A little more than a year ago, my best friend started a blog. It’s really interesting and insightful, and I encourage you to check it out.

She started the blog, because her friend (who is also a good friend) started a blog. It was a natural chain reaction. I saw how they got on with their stories, and thought that maybe I needed the catharsis that it provided. I tried, and I made a blog that lasted a few months. I never felt that it had the place in my life that it had in theirs, so I dropped it.

No big deal, I figure it’s happened to plenty of bloggers in the past. I need to refocus and really think about what I’m writing.

My last blog was focused on the fact that I weighed 250 pounds and couldn’t shake the weight. I still haven’t, actually, but that’s ok. This blog is probably going to have a bit of refocus on that, too. I lost track of goals. To be totally honest, I’ve never done well with goals. I never quite seem to meet them, so I don’t really set them.
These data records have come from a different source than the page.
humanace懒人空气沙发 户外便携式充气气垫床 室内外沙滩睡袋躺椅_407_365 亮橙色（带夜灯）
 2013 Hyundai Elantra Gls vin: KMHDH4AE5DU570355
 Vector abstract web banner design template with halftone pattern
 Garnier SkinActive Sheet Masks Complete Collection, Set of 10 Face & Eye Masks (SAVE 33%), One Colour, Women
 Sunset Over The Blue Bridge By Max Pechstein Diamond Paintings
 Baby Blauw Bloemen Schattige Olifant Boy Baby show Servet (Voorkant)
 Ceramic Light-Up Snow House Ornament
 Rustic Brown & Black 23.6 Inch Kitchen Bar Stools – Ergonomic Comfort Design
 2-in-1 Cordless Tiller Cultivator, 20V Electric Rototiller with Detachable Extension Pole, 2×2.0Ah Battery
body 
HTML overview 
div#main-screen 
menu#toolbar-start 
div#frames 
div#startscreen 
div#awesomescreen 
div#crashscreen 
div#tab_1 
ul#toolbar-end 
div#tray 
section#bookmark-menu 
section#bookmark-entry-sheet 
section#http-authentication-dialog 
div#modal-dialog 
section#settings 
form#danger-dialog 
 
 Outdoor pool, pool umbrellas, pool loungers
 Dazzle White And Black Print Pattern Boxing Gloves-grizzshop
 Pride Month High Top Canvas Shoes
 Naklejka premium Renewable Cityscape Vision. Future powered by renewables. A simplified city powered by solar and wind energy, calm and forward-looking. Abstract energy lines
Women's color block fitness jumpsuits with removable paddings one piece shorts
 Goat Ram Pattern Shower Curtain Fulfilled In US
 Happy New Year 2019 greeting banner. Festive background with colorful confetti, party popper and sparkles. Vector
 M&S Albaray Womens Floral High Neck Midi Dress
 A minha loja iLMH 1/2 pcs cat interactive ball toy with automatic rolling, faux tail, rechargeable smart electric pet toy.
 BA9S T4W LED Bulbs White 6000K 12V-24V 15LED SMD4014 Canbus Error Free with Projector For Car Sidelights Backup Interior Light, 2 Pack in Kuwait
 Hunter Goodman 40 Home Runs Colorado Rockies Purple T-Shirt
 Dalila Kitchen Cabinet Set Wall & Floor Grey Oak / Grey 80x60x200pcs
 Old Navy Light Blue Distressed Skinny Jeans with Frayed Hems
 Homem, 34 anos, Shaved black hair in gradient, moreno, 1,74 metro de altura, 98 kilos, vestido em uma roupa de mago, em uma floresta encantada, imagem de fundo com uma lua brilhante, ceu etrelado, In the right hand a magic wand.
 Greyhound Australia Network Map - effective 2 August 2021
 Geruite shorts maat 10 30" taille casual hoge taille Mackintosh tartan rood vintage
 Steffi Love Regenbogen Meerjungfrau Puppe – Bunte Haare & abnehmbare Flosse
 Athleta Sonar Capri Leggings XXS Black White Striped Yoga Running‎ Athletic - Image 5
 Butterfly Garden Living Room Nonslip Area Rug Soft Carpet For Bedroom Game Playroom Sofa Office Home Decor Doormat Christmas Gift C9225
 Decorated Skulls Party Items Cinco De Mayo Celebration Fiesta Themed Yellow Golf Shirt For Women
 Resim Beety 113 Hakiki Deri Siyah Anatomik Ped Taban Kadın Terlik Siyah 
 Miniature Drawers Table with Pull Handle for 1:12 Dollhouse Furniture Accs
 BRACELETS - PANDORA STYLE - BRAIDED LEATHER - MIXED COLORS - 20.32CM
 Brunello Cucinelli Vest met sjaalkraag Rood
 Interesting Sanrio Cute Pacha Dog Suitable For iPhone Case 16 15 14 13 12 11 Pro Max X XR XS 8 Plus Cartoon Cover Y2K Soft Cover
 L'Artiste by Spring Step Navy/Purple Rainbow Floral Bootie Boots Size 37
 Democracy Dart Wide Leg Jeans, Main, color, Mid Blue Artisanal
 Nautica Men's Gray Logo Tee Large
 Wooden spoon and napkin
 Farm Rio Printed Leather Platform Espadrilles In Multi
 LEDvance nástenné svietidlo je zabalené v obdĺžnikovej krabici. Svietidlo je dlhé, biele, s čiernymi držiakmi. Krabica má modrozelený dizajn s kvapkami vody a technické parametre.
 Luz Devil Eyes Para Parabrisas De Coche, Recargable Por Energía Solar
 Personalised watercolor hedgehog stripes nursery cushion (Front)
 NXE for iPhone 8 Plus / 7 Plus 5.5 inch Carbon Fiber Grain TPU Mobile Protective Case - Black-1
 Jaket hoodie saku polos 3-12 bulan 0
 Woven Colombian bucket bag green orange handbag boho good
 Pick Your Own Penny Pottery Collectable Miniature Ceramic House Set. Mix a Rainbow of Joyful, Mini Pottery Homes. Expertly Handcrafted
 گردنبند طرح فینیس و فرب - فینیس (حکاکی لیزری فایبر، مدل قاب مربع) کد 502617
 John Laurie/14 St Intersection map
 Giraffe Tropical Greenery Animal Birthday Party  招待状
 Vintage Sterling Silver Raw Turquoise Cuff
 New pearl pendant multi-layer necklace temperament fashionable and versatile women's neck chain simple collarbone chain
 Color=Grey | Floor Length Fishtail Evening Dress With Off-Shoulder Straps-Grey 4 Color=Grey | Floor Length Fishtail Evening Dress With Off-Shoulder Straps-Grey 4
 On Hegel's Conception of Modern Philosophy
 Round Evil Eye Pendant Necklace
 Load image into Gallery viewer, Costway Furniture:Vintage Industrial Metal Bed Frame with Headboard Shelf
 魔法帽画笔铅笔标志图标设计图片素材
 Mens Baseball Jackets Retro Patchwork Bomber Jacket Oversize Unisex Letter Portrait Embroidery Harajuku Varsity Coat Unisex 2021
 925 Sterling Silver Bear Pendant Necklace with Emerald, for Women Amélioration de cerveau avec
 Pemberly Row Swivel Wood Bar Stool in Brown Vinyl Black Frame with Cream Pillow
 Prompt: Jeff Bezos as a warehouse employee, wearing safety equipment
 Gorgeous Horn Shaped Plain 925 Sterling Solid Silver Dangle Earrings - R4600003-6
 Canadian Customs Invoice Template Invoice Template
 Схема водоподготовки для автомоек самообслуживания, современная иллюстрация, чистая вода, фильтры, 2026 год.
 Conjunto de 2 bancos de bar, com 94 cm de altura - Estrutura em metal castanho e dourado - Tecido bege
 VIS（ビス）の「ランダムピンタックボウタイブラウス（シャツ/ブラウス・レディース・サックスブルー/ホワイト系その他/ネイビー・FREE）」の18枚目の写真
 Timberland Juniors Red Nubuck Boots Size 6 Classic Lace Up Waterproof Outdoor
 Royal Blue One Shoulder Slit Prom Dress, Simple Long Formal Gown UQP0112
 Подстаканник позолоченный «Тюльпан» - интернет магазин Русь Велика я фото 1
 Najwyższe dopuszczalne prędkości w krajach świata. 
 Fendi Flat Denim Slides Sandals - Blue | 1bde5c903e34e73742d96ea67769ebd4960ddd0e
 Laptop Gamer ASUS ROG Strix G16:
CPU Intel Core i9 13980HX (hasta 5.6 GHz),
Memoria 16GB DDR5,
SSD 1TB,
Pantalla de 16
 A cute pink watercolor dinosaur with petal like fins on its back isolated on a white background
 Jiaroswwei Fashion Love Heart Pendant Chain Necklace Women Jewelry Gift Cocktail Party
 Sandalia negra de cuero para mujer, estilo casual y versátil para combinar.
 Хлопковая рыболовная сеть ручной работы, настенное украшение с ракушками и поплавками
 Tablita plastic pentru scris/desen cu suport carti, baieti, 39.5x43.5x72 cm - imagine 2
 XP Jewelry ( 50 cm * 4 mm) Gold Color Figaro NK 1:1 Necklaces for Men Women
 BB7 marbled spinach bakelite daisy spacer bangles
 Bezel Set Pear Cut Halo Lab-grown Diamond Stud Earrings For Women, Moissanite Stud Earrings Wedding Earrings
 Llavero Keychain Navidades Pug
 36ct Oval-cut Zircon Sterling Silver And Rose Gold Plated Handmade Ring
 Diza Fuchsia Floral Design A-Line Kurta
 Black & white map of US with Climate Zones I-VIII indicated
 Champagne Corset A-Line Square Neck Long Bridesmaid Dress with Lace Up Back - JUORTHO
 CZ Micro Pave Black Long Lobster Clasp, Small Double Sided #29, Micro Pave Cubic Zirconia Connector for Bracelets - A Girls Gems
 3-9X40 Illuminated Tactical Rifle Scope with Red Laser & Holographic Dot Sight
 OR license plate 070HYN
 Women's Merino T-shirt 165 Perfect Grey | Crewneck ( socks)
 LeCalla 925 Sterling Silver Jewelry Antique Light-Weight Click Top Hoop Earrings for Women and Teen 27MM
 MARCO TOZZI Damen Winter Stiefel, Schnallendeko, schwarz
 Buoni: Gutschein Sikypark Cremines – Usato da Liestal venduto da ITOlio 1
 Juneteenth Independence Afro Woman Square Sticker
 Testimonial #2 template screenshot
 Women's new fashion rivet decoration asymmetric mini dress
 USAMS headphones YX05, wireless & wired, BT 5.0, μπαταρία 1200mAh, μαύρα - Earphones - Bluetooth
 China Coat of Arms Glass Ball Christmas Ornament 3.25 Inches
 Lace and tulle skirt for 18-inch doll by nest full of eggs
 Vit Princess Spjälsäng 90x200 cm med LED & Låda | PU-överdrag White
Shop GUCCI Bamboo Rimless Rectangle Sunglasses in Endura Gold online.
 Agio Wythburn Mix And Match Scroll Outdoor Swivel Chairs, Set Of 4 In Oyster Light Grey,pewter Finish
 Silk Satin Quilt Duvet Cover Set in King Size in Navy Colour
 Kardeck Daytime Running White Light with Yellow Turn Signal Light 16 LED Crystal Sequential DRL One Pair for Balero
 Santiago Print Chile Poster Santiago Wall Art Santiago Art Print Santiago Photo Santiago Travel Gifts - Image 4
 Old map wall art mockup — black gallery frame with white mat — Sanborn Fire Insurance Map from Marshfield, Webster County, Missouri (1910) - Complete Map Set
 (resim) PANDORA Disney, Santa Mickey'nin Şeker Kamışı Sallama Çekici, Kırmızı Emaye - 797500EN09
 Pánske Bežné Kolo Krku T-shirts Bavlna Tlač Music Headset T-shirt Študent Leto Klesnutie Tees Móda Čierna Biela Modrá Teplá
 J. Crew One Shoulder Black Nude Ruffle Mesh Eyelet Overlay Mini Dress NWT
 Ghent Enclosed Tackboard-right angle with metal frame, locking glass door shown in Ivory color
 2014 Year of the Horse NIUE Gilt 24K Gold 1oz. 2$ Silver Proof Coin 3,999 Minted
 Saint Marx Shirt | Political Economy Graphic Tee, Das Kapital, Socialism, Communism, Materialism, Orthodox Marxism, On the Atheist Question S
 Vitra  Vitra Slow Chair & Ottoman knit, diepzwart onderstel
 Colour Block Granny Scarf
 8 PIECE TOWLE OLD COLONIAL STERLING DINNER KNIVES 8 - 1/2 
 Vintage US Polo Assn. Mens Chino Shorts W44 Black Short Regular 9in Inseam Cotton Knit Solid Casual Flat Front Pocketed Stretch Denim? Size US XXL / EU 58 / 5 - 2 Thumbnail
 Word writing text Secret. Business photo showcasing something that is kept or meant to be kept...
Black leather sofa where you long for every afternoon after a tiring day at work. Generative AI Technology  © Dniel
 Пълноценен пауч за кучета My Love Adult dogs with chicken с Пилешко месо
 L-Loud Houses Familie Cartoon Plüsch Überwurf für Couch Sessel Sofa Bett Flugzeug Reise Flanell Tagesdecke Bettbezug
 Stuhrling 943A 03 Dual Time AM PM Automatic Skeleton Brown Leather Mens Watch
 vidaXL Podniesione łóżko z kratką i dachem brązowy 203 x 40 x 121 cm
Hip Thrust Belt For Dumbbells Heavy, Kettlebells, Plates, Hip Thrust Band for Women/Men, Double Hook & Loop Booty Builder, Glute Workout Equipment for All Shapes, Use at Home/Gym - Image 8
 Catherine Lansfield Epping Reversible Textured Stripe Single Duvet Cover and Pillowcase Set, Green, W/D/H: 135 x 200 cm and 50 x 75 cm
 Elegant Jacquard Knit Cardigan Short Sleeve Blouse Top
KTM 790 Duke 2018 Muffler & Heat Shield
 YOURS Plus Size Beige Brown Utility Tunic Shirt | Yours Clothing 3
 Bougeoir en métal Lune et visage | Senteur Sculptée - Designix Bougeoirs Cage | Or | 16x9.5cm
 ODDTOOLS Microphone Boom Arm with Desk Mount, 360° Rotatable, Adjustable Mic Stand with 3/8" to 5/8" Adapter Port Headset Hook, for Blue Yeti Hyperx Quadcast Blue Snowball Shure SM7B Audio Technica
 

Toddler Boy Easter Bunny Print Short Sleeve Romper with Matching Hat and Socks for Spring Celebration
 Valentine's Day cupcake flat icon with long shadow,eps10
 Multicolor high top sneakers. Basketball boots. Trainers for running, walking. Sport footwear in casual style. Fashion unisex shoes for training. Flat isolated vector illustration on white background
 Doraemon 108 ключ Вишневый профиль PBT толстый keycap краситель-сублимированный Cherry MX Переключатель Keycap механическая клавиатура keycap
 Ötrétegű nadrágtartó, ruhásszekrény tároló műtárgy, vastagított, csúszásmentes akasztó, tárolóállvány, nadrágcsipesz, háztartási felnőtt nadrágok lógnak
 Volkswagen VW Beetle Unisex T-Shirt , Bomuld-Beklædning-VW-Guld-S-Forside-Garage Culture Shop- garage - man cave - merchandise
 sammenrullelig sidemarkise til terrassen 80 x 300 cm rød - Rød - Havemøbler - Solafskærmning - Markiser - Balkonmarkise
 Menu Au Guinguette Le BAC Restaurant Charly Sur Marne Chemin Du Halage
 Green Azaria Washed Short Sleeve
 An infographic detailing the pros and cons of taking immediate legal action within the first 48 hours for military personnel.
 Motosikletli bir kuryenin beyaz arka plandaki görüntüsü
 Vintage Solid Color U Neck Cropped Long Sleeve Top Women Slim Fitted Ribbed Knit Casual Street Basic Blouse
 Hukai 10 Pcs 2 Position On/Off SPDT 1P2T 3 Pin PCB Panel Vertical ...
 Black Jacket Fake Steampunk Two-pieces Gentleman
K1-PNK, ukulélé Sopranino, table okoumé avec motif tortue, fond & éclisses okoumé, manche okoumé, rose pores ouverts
Or at least, I don’t commit to them. I’ve got some self-confidence issues.

But I’m trying to turn that around.

I went to FitBloggin’ 2013 a few weeks ago. Just like last year, it was fantastic. Everyone is a friend. To date, I’ve never been anywhere else that made me feel as included and welcome and comfortable. I wish every day were like that. I thank everyone there from the bottom of my stupid heart.

While I was there, Stephanie, mentioned completing a Triathalon. She said it with such nonchalance that it struck me pretty good. ‘Triathalon’ just sound(ed) like marathon. Marathons are fuckin’ scary to me. Three miles is still pretty scary, to tell the truth. Steph (I hope it’s okay if I call her that, I haven’t cleared that yet, I think it’s fine though) told me in earnest that it ain’t that hard.

“Anyone can do it.” -Steph’s words (as dictated below; thanks, grl!)

Anyone? I think I’m anyone. I think I might be, yeah.

So I’ve decided to make a goal, and do my damnedest to actually stick to it. And I’m gonna write about it here.

This is the Triathalon I’m going to do.

Lake Hickory Y Triathalon

750 meter swim, 10 miles on a bike, and 3 miles on foot. Ish.

It’s in June. It’s going to suck, of that I have no doubt. But I have some time to get ready for it.

I should probably figure out how I’m gonna get ready for it.